Lamenting the loss of your fresh veggies and herbs to that fall frost? Consider installing cold frames, which can seriously extend your backyard gardening season, keep the young plants in your spring garden safe from chilly nights, and even allow you to grow through the winter.
Cold frames are bottomless boxes that act as little greenhouses, capturing the sun’s heat during the day and slowing the soil’s release of heat at night. Leverage your existing assets by building your cold frames against the south-facing wall of your home and by using leftover construction materials.
A few other tips and tricks:
- Use old storm windows as the top panels.

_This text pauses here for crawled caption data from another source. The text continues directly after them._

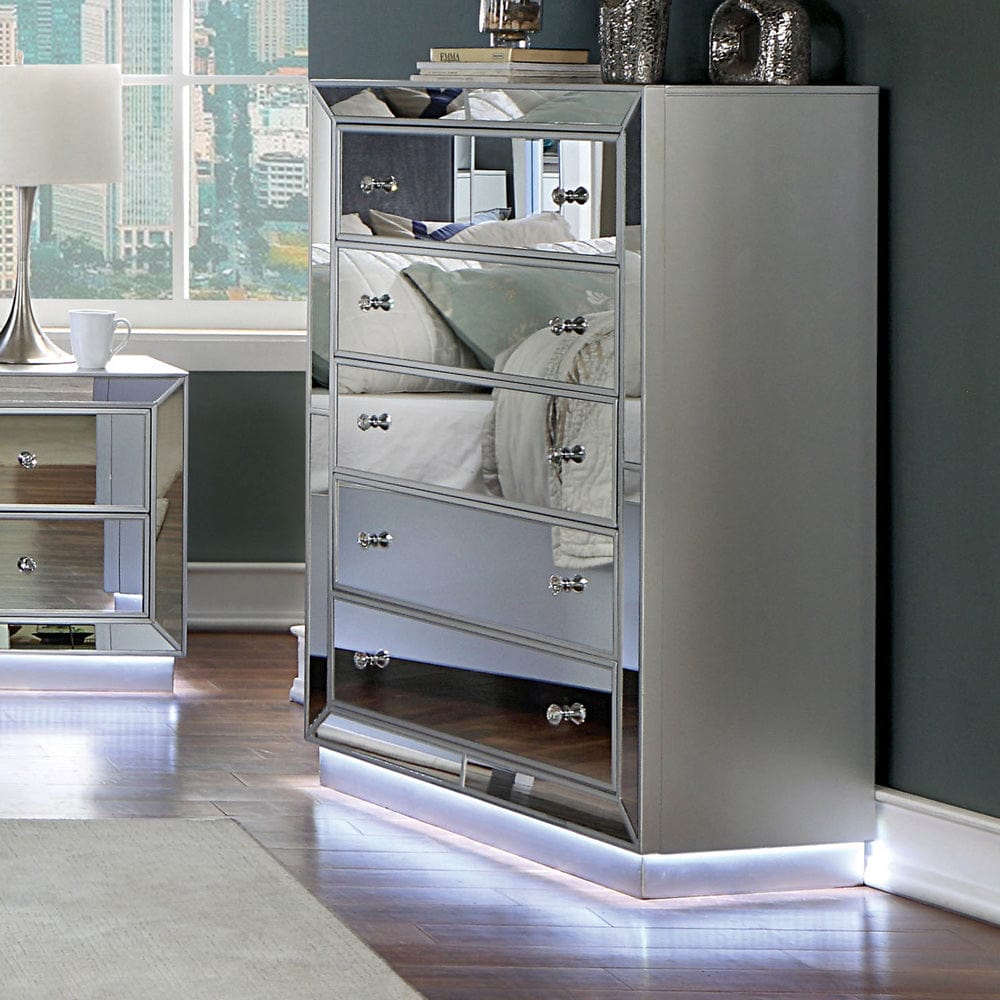 Furniture of America - Belladonna Chest w/ LED in Silver - CM7417SV-C View 1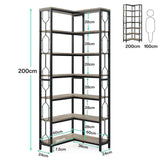 Tribesigns 7-Shelf Corner Bookshelf,Large Modern Corner Bookcase, 7-Tier Tall Corner Shelf Storage Display Rack with Metal Frame
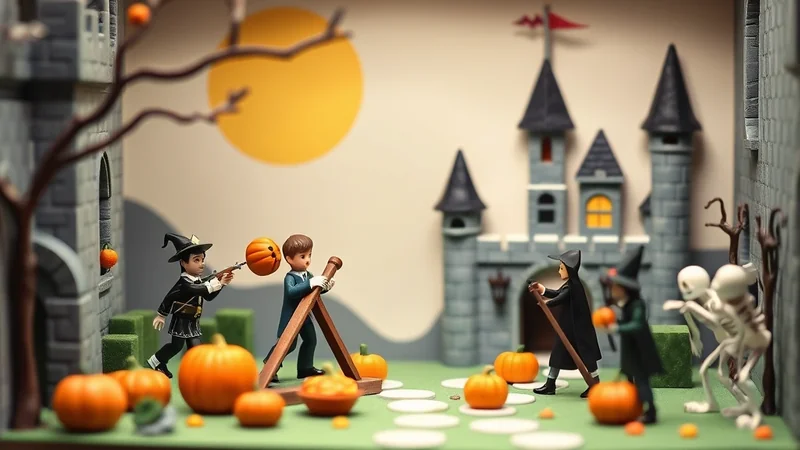 A Halloween scene with toy figures in front of a castle, featuring a boy with a pumpkin launcher, a witch, and skeletons, set against a backdrop with a large yellow moon.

- Use screws instead of nails so you can deconstruct and store the frames in the summer.
- Watch the weather: it is possible to ‘cook’ your greens on a sunny day if you don’t crack the lid!
- Keep frames small (4×4 is recommended) so you can move them around to different crops in different seasons.
- If you’re purchasing pre-fabricated cold frames, purchase the automatic venting arm as well.
- Make the north-facing side slightly lower than the south-facing side to maximize the power of the sun.
WHAT TO GROW IN YOUR WINTER COLD FRAME GARDEN:
ARUGULA: The Even Star variety is one of the hardiest. Also, try Sylvetta, a wild arugula relative.
CARROTS: Get ready for some of the most flavorful carrots you’ve ever tasted: The cold soil keeps the roots small but incredibly flavorful.
BEET GREENS: Dwarf Siberian is a great cold frame variety. Its small size keeps it close to the ground and further from potential frost damage.
PARSLEY: Curly parsleys are hardier than flat-leaf varieties. Great for flavoring those winter soups and stews!
SPINACH: Who doesn’t love fresh greens in the winter? Spinach stays close to the earth, keeping warm and abundant. It’s one of the most reliable green winter crops.